Quintela, T. . 1, 2, 3 , Matute, C. . 1, 2, 3 & Alberdi, E. 1, 2, 3
1 Departamento de Neurociencias, Universidad del País Vasco (UPV/EHU), Leioa, Spain
2 Achucarro Basque Center for Neuroscience, UPV/EHU, Zamudio, Spain
3 Centro de Investigación Biomédica en Red en Enfermedades Neurodegenerativas (CIBERNED)

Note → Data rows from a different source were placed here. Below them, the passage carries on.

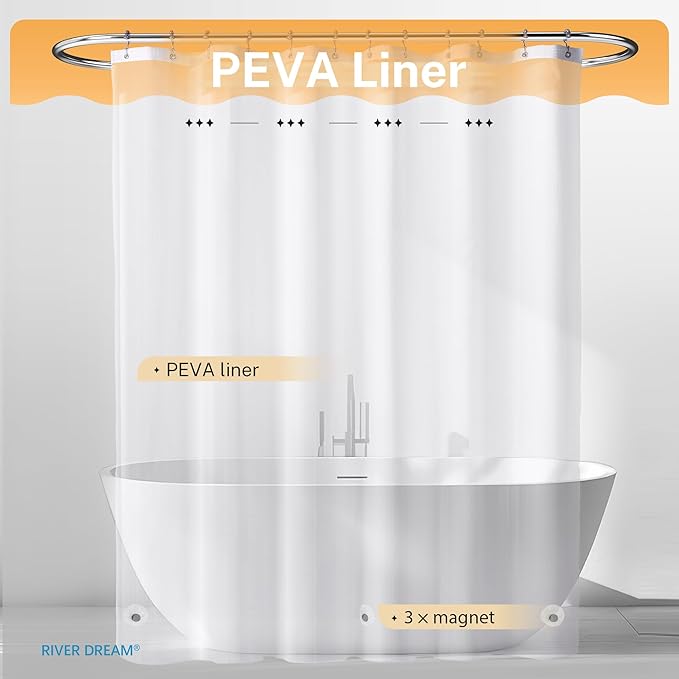 River Dream 3 in 1 Shower Curtain Set, Stall Waffle Fabric Shower Curtain and Waterproof Clear Liner Set with Double Sided Metal Hooks, Black, 36" W*72" H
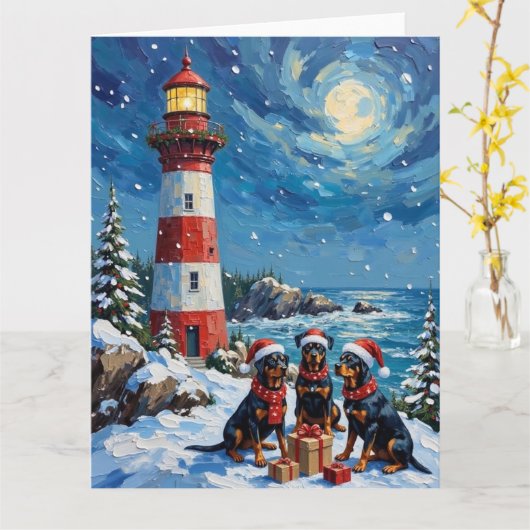 Rottweiler Christmas Lighthouse Holiday カード (黄色い花)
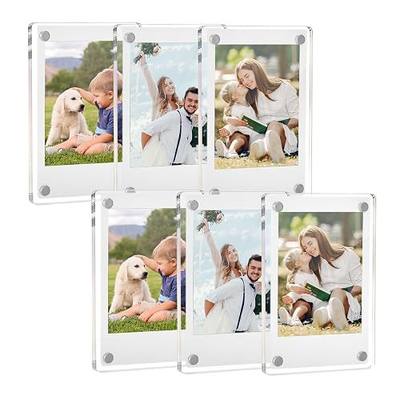TWING Acrylic 2.4x3.5 Polaroid Fridge Magnet Frame Mini Double Sided Frames | Magnetic Frames for Instax Fujifilm, Refrigerator Magnets, Wallet Size, DIY Locker, Sticky Dots for Wall Mount Frame, 6 Pack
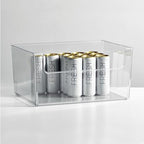 mDesign 2 Pack Modern Plastic Open Front Dip Storage Organizer Bin Basket for Bathroom - Chrome Steel - 6 Box Capacity - 12x12x8 inches - size: ‎16 x 12 x 8 (Pack of 2)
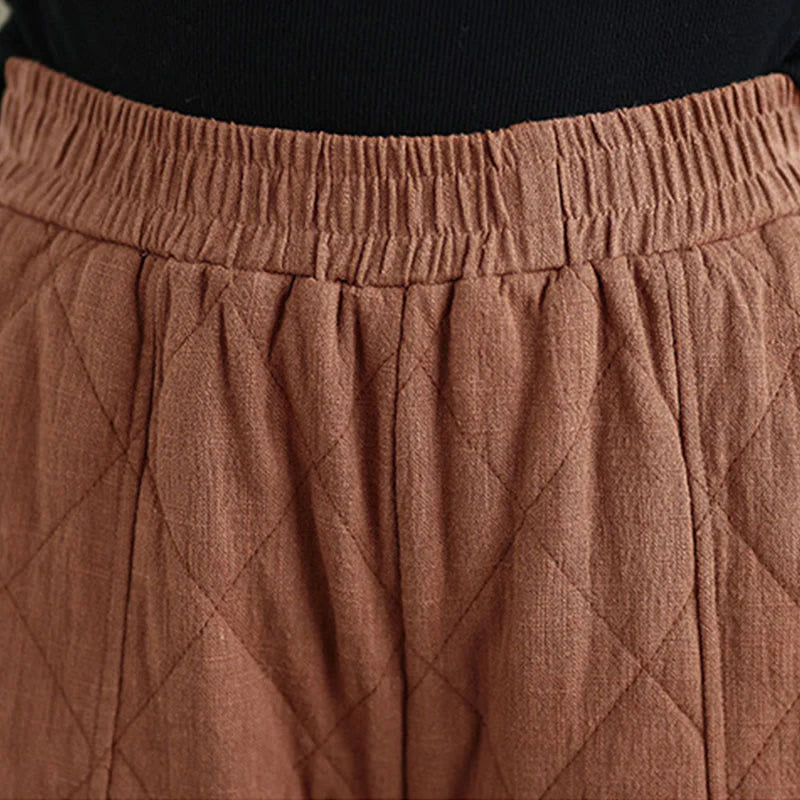 Buddha Stones Winter Diamond Pattern Cotton Women's Pants With Pockets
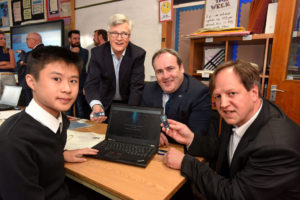 Paul Wheelhouse MSP along with Alistair Banham and Harald Haas of pureLiFi and students at Kyle Academy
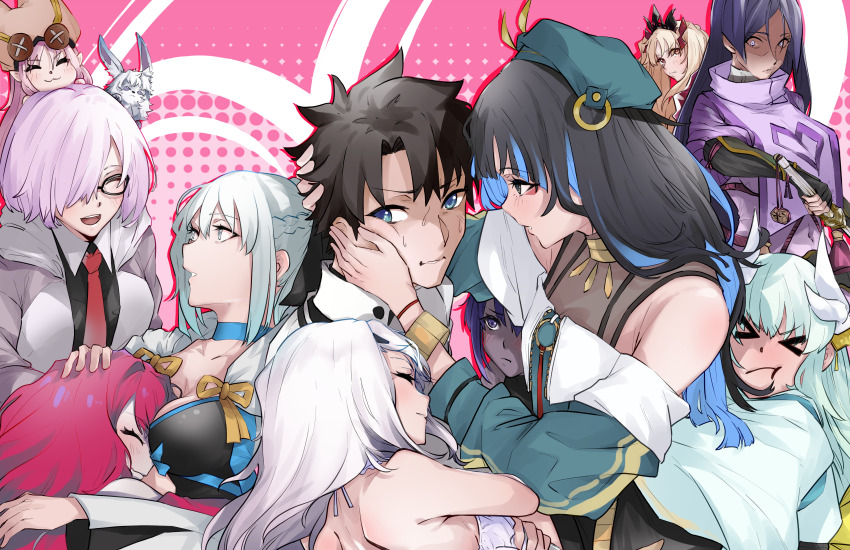>_<, 1boy, 6+girls, absurdres, affectionate_harem, armor, baobhan_sith_(fate), baobhan_sith_(first_ascension)_(fate), bare_shoulders, beret, black_bow, black_dress, black_gloves, black_hair, black_shorts, blonde_hair, blue_eyes, blue_hair, blush, bodysuit, bow, bracelet, braid, breasts, button_eyes, buttons, choker, cleavage, closed_eyes, collarbone, colored_inner_hair, dark-skinned_female, dark_skin, dragon_girl, dragon_horns, dress, earrings, elbow_gloves, ereshkigal_(fate), eyeliner, fate/grand_order, fate/prototype, fate/prototype:_fragments_of_blue_and_silver, fate_(series), fingerless_gloves, forked_eyebrows, fou_(fate), fujimaru_ritsuka_(male), fujimaru_ritsuka_(male)_(decisive_battle_chaldea_uniform), glasses, gloves, green_hair, green_headwear, green_jacket, grey_eyes, grey_hair, grey_jacket, habetrot_(fate), hair_bow, hair_over_one_eye, hair_ribbon, half_up_braid, hassan_of_serenity_(fate), hat, highres, hoop_earrings, horns, hug, jacket, japanese_armor, jewelry, katana, kiyohime_(fate), kote, large_breasts, light_purple_hair, long_hair, long_sleeves, makeup, mash_kyrielight, medium_breasts, melusine_(fate), minamoto_no_raikou_(fate), minamoto_no_raikou_(first_ascension)_(fate), morgan_le_fay_(fate), morgan_le_fay_(second_ascension)_(fate), multicolored_hair, multiple_girls, multiple_horns, neck_ring, necktie, o-ring, off_shoulder, open_clothes, open_jacket, parted_bangs, pink_hair, pink_headwear, pointy_ears, ponytail, pout, purple_bodysuit, purple_eyes, purple_hair, red_eyes, ribbed_sleeves, ribbon, round_eyewear, short_hair, shorts, sidelocks, small_breasts, smile, sunglasses, sword, tabard, tenochtitlan_(fate), tenochtitlan_(second_ascension)_(fate), tiara, two-tone_dress, two_side_up, very_long_hair, wavy_hair, weapon, white_dress, white_hair, yt_(63641217), zipper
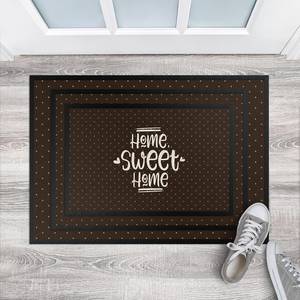 Deurmat Home Sweet Home Polkadots textielmix - Donkerbruin - 70 x 50 cm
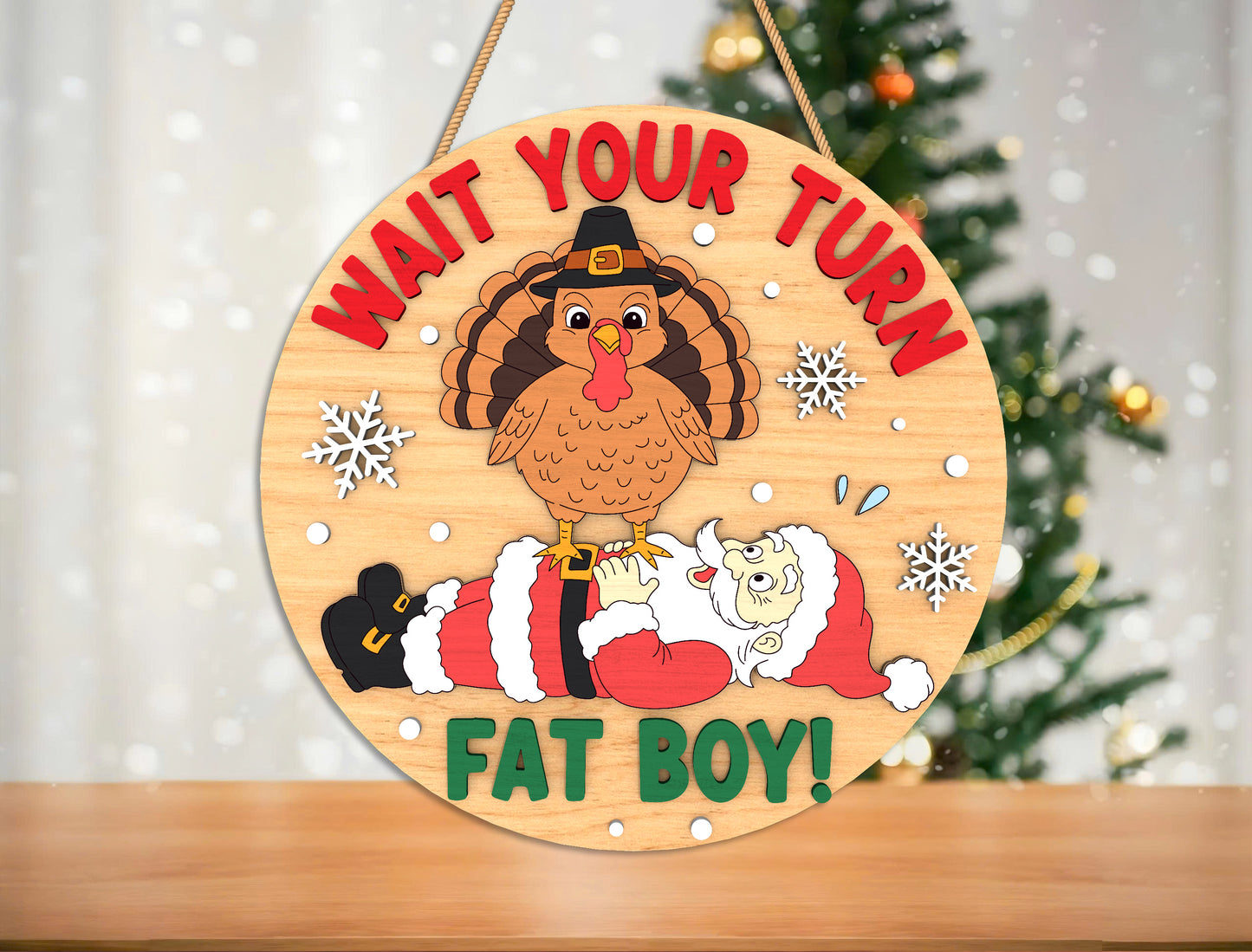 Christmas Round Sign Ornament Laser Cut File | Funny Holiday Quotes | Ready to Cut | Glowforge, xTool, LightBurn, etc.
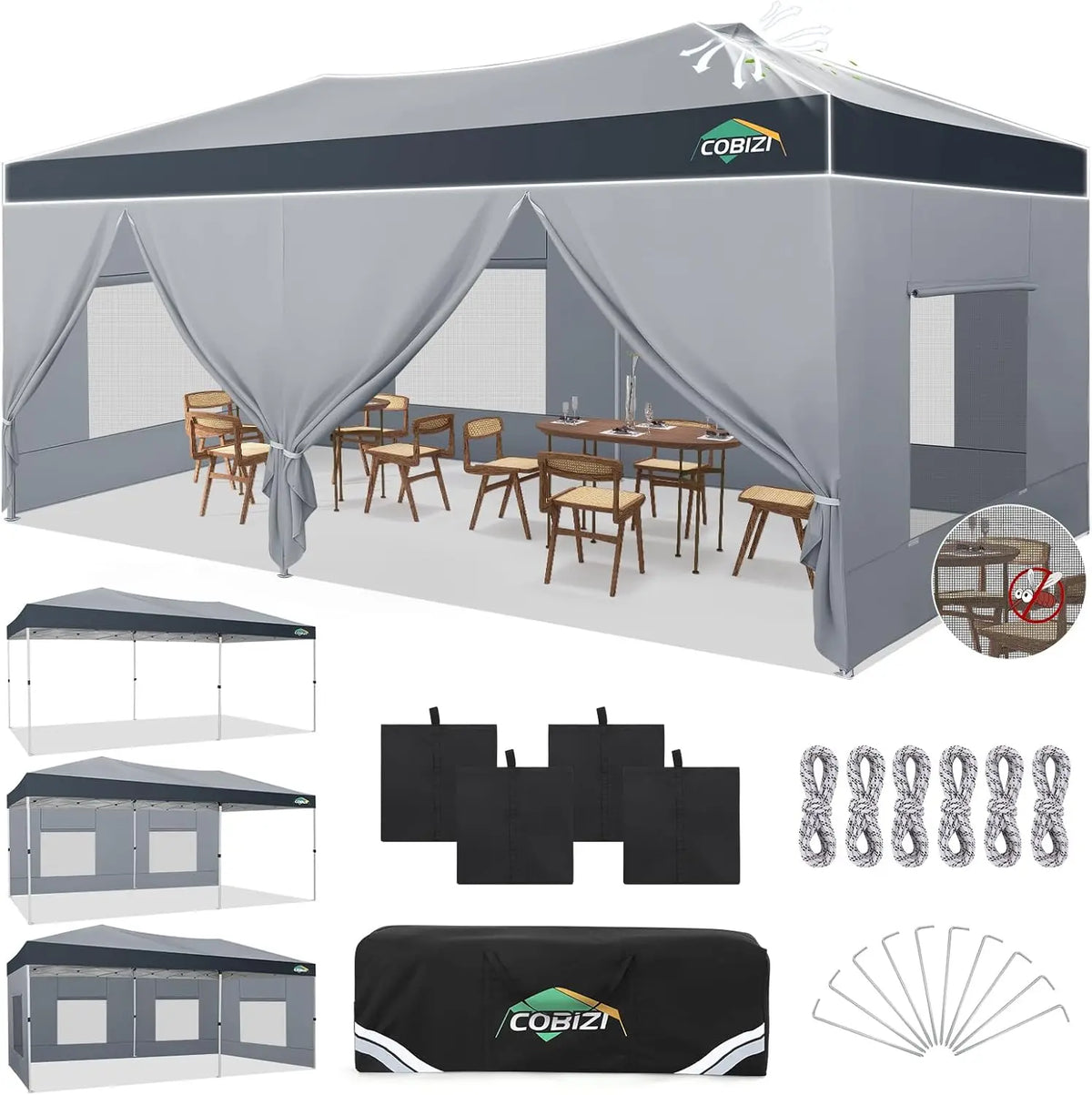 Tooluck Pop Up Canopy Outdoor Gazebo Tent With Side Panels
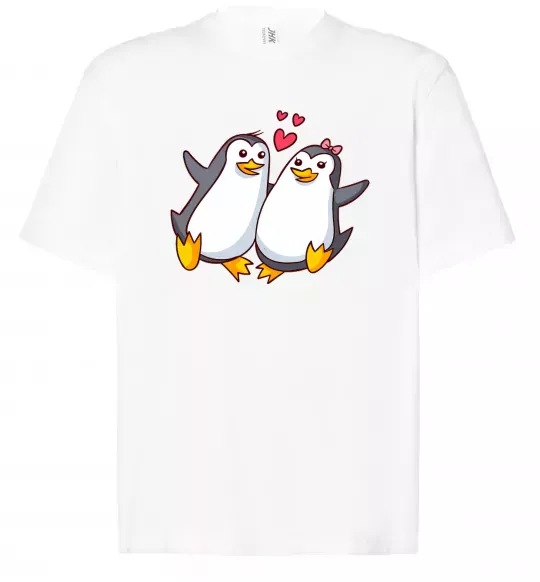 Футболка Оверсайз Пара пингвинов Белый фото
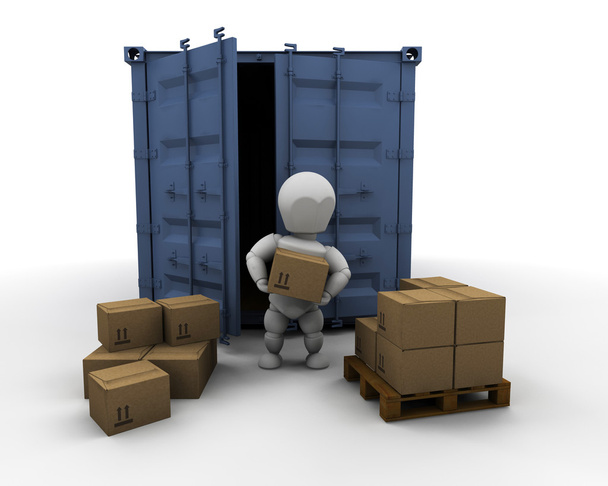 osoba vykládání nákladní kontejner - Fotografie, Obrázek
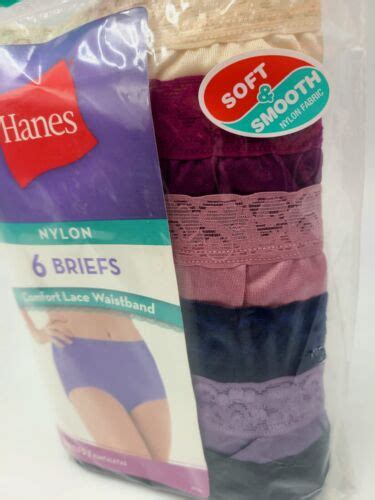 Hanes Nylon Briefs Panties 6 Pack Underwear Assorted Colors Womens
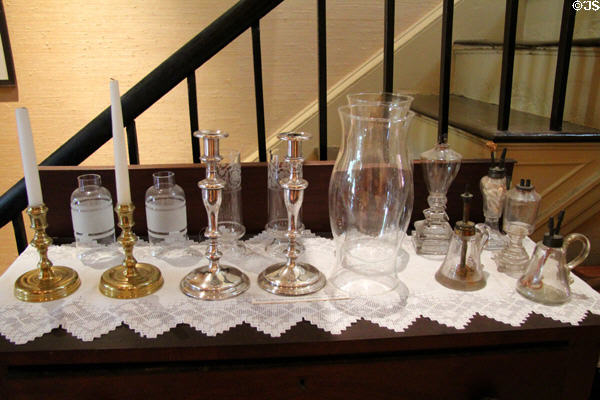 Whale oil lamps & candles for use by artist guests at Florence Griswold Museum. Old Lyme, CT.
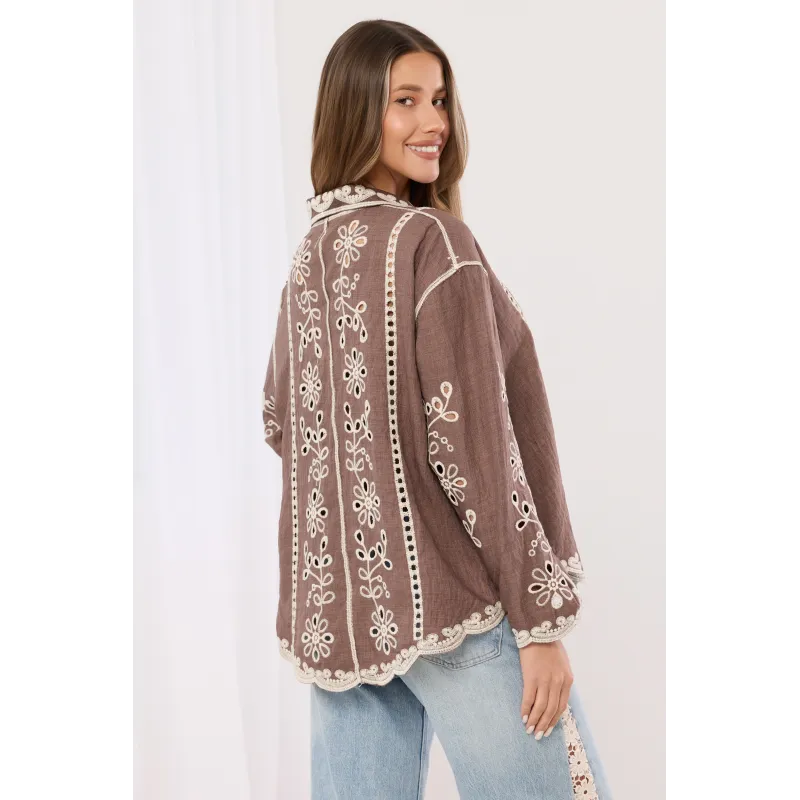 Koszula z ażurowym wzorem kwiatowym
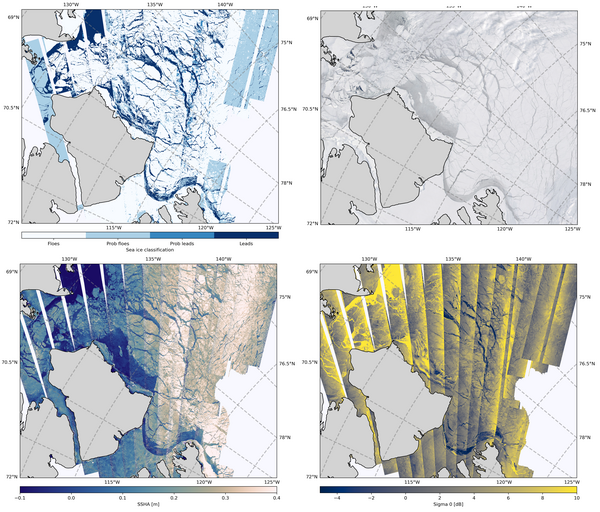 Top, sea ice classification from Swot KaRIn measurements west of Banks island : leads in dark blue, floes in white, unsure in intermediate blues (righy), true color image from the MODIS instrument acquired on 4th April 2024 (left) Bottom, SSHA (left) and sigma 0 (right) from for all the SWOT ascending passes around Banks island from March 28th to April 10th 2024 (period used for the top right classification) (Credit Legos)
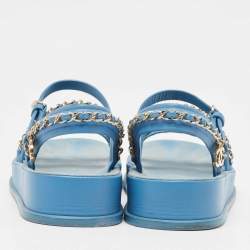 Chanel Blue Leather CC Chain Link Ankle Strap Sandals Size 38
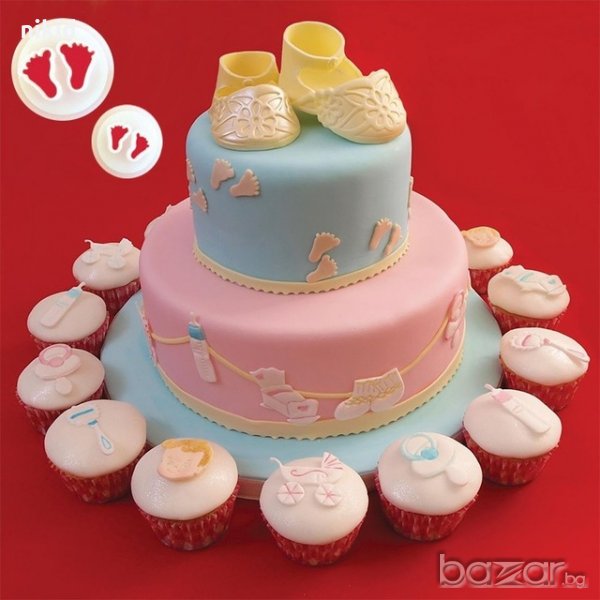 2 Крака стъпки сет пластмасови резци за тесто бисквитки фондан украса декорация торта резец форма, снимка 1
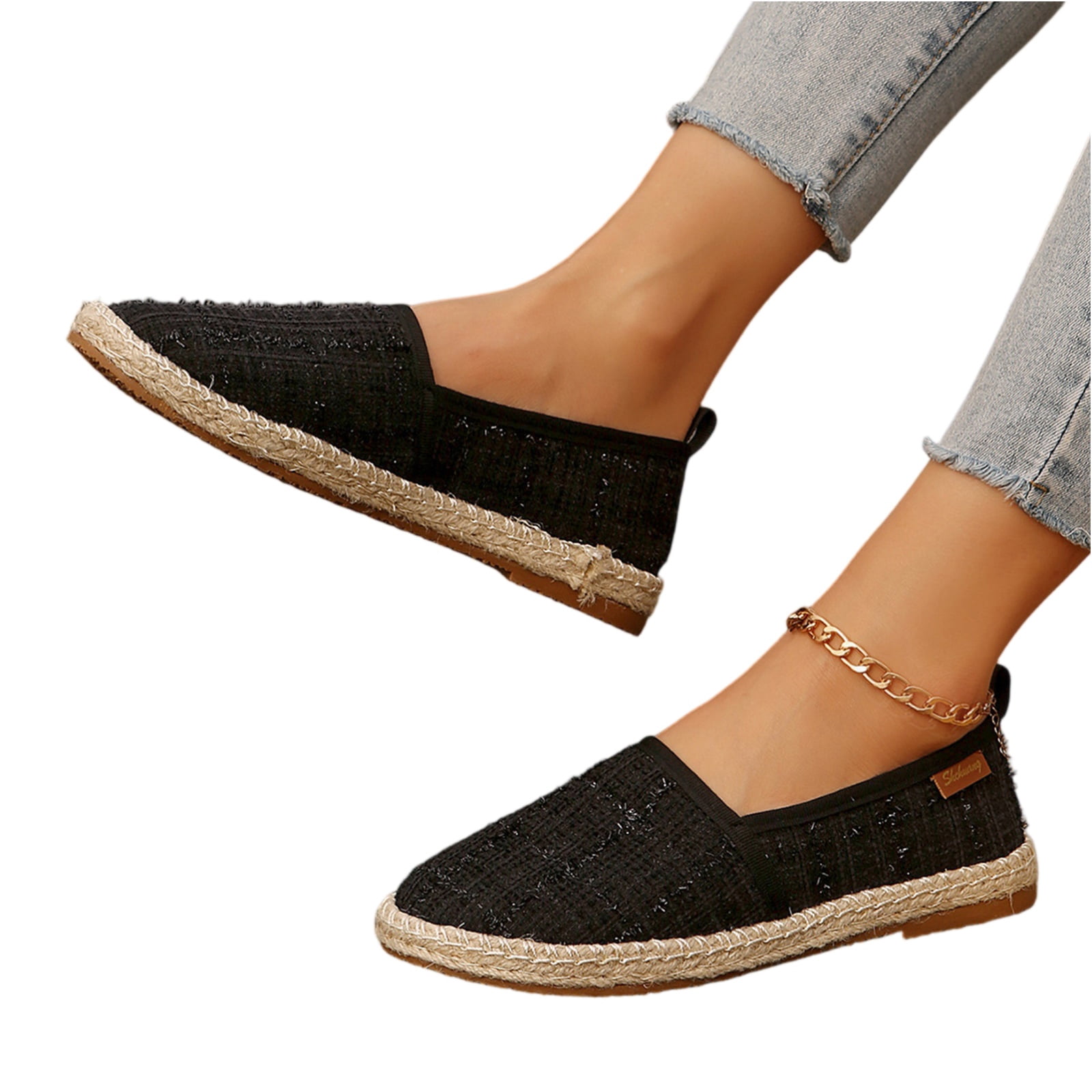 Willtoo Women's Casual Slip On Shoes Comfortable Flat Loafers Breathable Fabric Upper Woven Sole Lightweight Walking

Amyloid beta (Abeta) oligomers are key peptides involved in Alzheimer´s disease (AD) pathogenesis. The effects of these oligomers on white matter, and specifically on oligodendrocytes (OLG) are still poorly understood, even though their damage may contribute to cognitive decline in AD. Here, we have investigated the role of Abeta oligomers in OLG differentiation and myelination in vitro and in vivo. Using a panel of developmental stage-specific antigenic markers, we observed that Abeta oligomers modified the differentiation pattern, regulating the transition of early progenitors to the late progenitor stage (O4 positive cells) and to the inmature to mature OLG stage (MBP positive cells) in OLG in vitro. To further investigate the pathway underlying Abeta-mediated OLG differentiation, we analyzed the phosphorylation levels of three key proteins involved in myelin synthesis, AKT, ERK and CREB. We found that Abeta oligomers promoted a sustained AKT dephosphorylation, and ERK and CREB phosphorylation and the specific pharmacological inhibition of these pathways reduced the Abeta-induced MBP upregulation in cultured OLGs. Furthermore, Abeta oligomers increased the MBP levels in cultured cerebellar slices in control and in lysolecithin-induced demyelination conditions. This Abeta-mediated myelin upregulation was confirmed in the corpus callosum of a mouse model of AD. Our data suggest that Abeta oligomers induce OLG differentiation through MAPK/ERK, PI3K/AKT and PKA/CREB signaling pathways, which may be relevant to understand AD pathophysiology.